* Task goal:
Without the pictures, set down every record below exactly as it reads.

####################

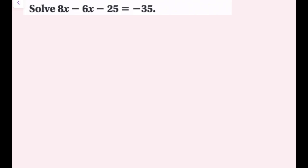For the next example: 8x - 6x - 25 = -35. There are no parentheses, but there are like terms to combine. Before canceling operations on both sides, I simplify the left side — just rewriting it, not changing its value. The like terms are the two x terms: 8x and negative 6x (remember to include the sign with the term). 8x + (-6x) = 2x.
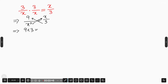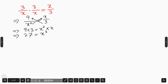This is a cubic equation. We know that 27 equals 3 cubed, so x cubed minus 3 cubed equals 0. Now we use the difference of cubes formula. If we have a cubed minus b cubed, it equals a minus b times a squared plus ab plus b squared.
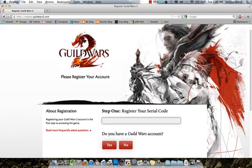Hey guys, this is Josh with Guild Wars 2 Tutorials. I know it's been a while since I made a tutorial, and that's just because I've been busy playing the betas and having fun all summer long. So it's been a great summer, I hope you guys are having a good time too, and I hope you guys are all looking forward to the launch.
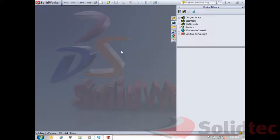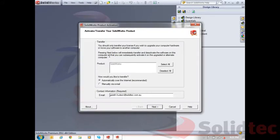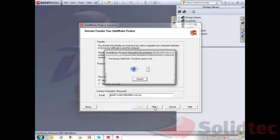If I wanted to use that license on a different computer in a different location, I'd go to Help, then Transfer Licenses, and I can transfer that license automatically over the internet. I'm going to transfer the license back onto the SOLIDWORKS activation server to release it from this particular computer, and then I could use that license on a different computer if I wished.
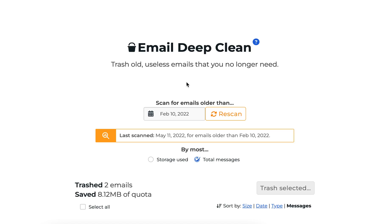Here we'll take a look at your email deep clean. This is a tool designed to help clear out old unnecessary emails and free up storage space in your email account.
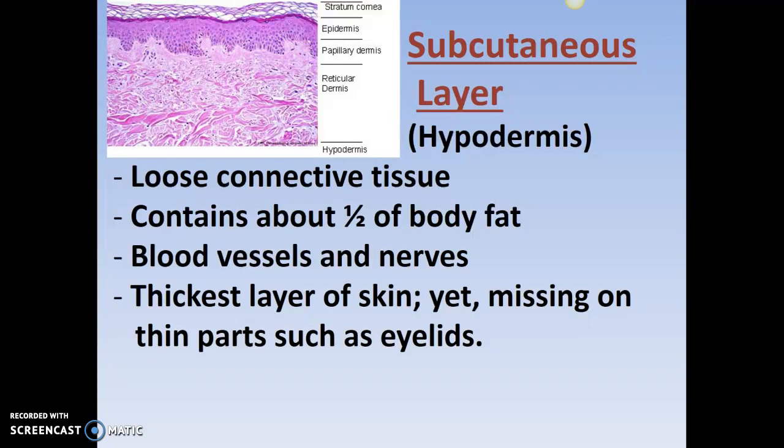The subcutaneous is also the thickest layer of skin, but on the eyelids and lips it's missing. That's why you can close your eyes and see some light coming through, and your lips are pink because there's not a lot of stuff between the blood and the outer part of your lips. That's why chapped lips bleed easily.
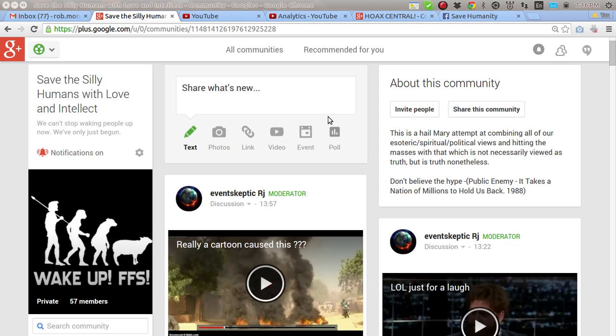And the group on Facebook, and all the new registries on my website savehumanity.epgn.net. It's been a busy couple of weeks.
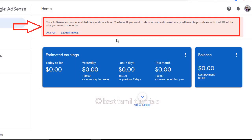Hello and welcome to this video. How do you use Google AdSense? If you use Google AdSense, you will see a link to your Google AdSense.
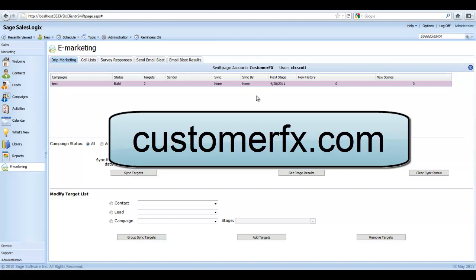In today's demonstration we're going to look at adding a transfer stage to an existing e-marketing drip marketing campaign that's part of the Sage SalesLogix Web Client.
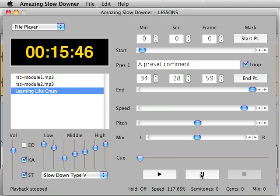But for me sometimes they just speak too slow and so what I do is I just speed them up and then after I do that you can save it.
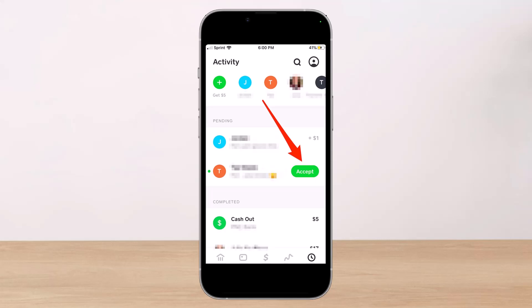In order to approve a Cash App request when someone sends you money and you want to receive that money by accepting a payment — if this is the first time that this person has paid you on Cash App, you'll have to manually accept the payment. Just launch your Cash App and go to the Activity tab by tapping on the clock icon in the bottom right corner of the screen.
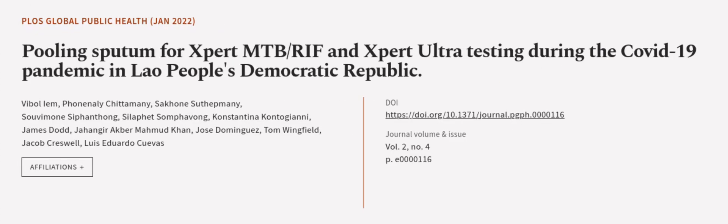This article was authored by Vybal I.E.M., Foninili Chittimini, Sikoni Sathetmini, and others. We are article.tv, links in the description below.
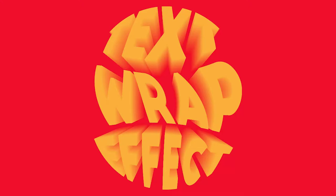Hey there guys, today I'm going to show you how to do this text wrap effect in Adobe Illustrator. So, let's get right into it.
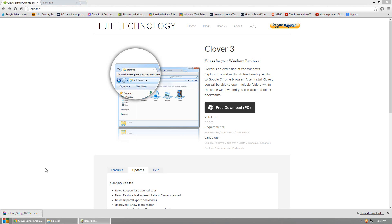Hello, this is Dr. 007 and in today's video I'll be showing you guys one of the best tweaks I've seen in a long time. This is Clover. Clover is a simple tweak for Windows Explorer. It allows you to have tabbing and bookmarks on Windows Explorer. It does not replace Windows Explorer, it simply just integrates itself into it.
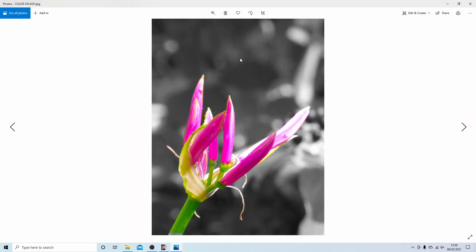And hopefully you'll have an image that won't necessarily look like mine, but it's a half decent color splash image. Hopefully that's helped someone. Thank you for watching.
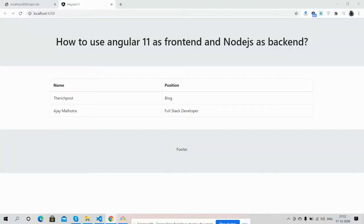Hello friends, how are you? Welcome back to my channel. This is Ajay. Hope you all are doing good. In this video, I'm going to show you how to use Angular 11 as a frontend and Node.js as a backend.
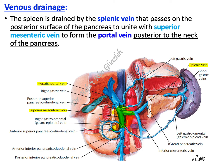Now, regarding venous drainage: we mentioned the arterial supply, and the venous drainage is also easy to remember. It is mainly through the splenic vein. Blood from the spleen is drained by the splenic vein, which passes from the hilum right behind the tail and body of the pancreas.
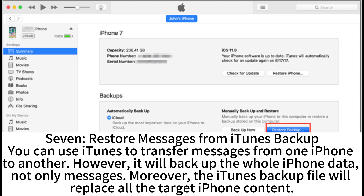7. Restore messages from iTunes backup. You can use iTunes to transfer messages from one iPhone to another. However, it will back up the whole iPhone data, not only messages. Moreover, the iTunes backup file will replace all the target iPhone's content.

####################

* Task answer:
For the next example: 8x - 6x - 25 = -35. There are no parentheses, but there are like terms to combine. Before canceling operations on both sides, I simplify the left side — just rewriting it, not changing its value. The like terms are the two x terms: 8x and negative 6x (remember to include the sign with the term). 8x + (-6x) = 2x.
This is a cubic equation. We know that 27 equals 3 cubed, so x cubed minus 3 cubed equals 0. Now we use the difference of cubes formula. If we have a cubed minus b cubed, it equals a minus b times a squared plus ab plus b squared.
Hey guys, this is Josh with Guild Wars 2 Tutorials. I know it's been a while since I made a tutorial, and that's just because I've been busy playing the betas and having fun all summer long. So it's been a great summer, I hope you guys are having a good time too, and I hope you guys are all looking forward to the launch.
If I wanted to use that license on a different computer in a different location, I'd go to Help, then Transfer Licenses, and I can transfer that license automatically over the internet. I'm going to transfer the license back onto the SOLIDWORKS activation server to release it from this particular computer, and then I could use that license on a different computer if I wished.
Here we'll take a look at your email deep clean. This is a tool designed to help clear out old unnecessary emails and free up storage space in your email account.
The subcutaneous is also the thickest layer of skin, but on the eyelids and lips it's missing. That's why you can close your eyes and see some light coming through, and your lips are pink because there's not a lot of stuff between the blood and the outer part of your lips. That's why chapped lips bleed easily.
And the group on Facebook, and all the new registries on my website savehumanity.epgn.net. It's been a busy couple of weeks.
Hello and welcome to this video. How do you use Google AdSense? If you use Google AdSense, you will see a link to your Google AdSense.
In today's demonstration we're going to look at adding a transfer stage to an existing e-marketing drip marketing campaign that's part of the Sage SalesLogix Web Client.
But for me sometimes they just speak too slow and so what I do is I just speed them up and then after I do that you can save it.
In order to approve a Cash App request when someone sends you money and you want to receive that money by accepting a payment — if this is the first time that this person has paid you on Cash App, you'll have to manually accept the payment. Just launch your Cash App and go to the Activity tab by tapping on the clock icon in the bottom right corner of the screen.
This article was authored by Vybal I.E.M., Foninili Chittimini, Sikoni Sathetmini, and others. We are article.tv, links in the description below.
Hey there guys, today I'm going to show you how to do this text wrap effect in Adobe Illustrator. So, let's get right into it.
Hello, this is Dr. 007 and in today's video I'll be showing you guys one of the best tweaks I've seen in a long time. This is Clover. Clover is a simple tweak for Windows Explorer. It allows you to have tabbing and bookmarks on Windows Explorer. It does not replace Windows Explorer, it simply just integrates itself into it.
And hopefully you'll have an image that won't necessarily look like mine, but it's a half decent color splash image. Hopefully that's helped someone. Thank you for watching.
Hello friends, how are you? Welcome back to my channel. This is Ajay. Hope you all are doing good. In this video, I'm going to show you how to use Angular 11 as a frontend and Node.js as a backend.
Now, regarding venous drainage: we mentioned the arterial supply, and the venous drainage is also easy to remember. It is mainly through the splenic vein. Blood from the spleen is drained by the splenic vein, which passes from the hilum right behind the tail and body of the pancreas.
7. Restore messages from iTunes backup. You can use iTunes to transfer messages from one iPhone to another. However, it will back up the whole iPhone data, not only messages. Moreover, the iTunes backup file will replace all the target iPhone's content.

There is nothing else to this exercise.